## Exercise goal
Your job with the data below: print everything from the line that holds "Buitenband 4.10/3.50-6 C-178 grijs blok CST" down to the line that holds "Fama MEDIA - Professional", ends included, exactly, and nothing else.

## Information given
☆ ☆ ☆ ☆ ☆
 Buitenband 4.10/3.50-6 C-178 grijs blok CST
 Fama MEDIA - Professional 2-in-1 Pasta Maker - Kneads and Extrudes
☆ ☆ ☆ ☆ ☆
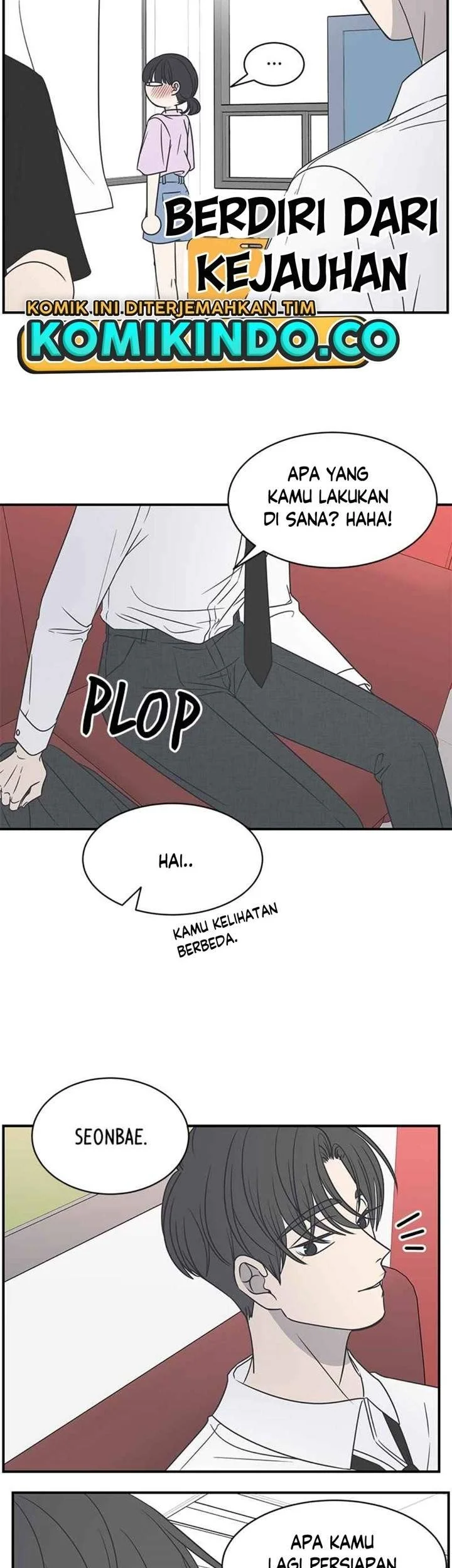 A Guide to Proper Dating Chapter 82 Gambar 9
☆ ☆ ☆ ☆ ☆
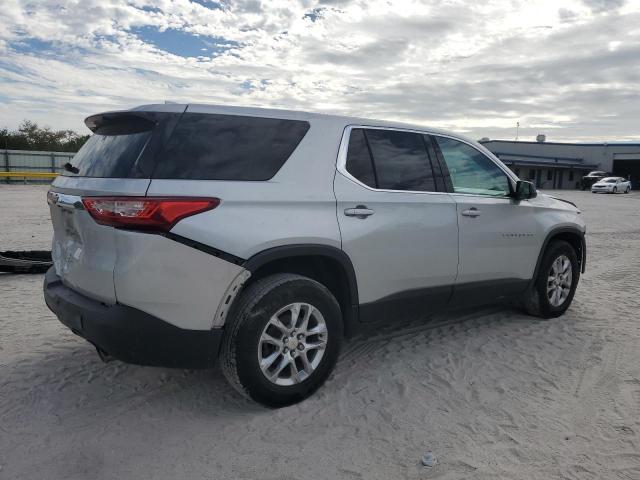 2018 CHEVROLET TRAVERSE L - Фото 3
☆ ☆ ☆ ☆ ☆
## Task answer
 Buitenband 4.10/3.50-6 C-178 grijs blok CST
 Fama MEDIA - Professional 2-in-1 Pasta Maker - Kneads and Extrudes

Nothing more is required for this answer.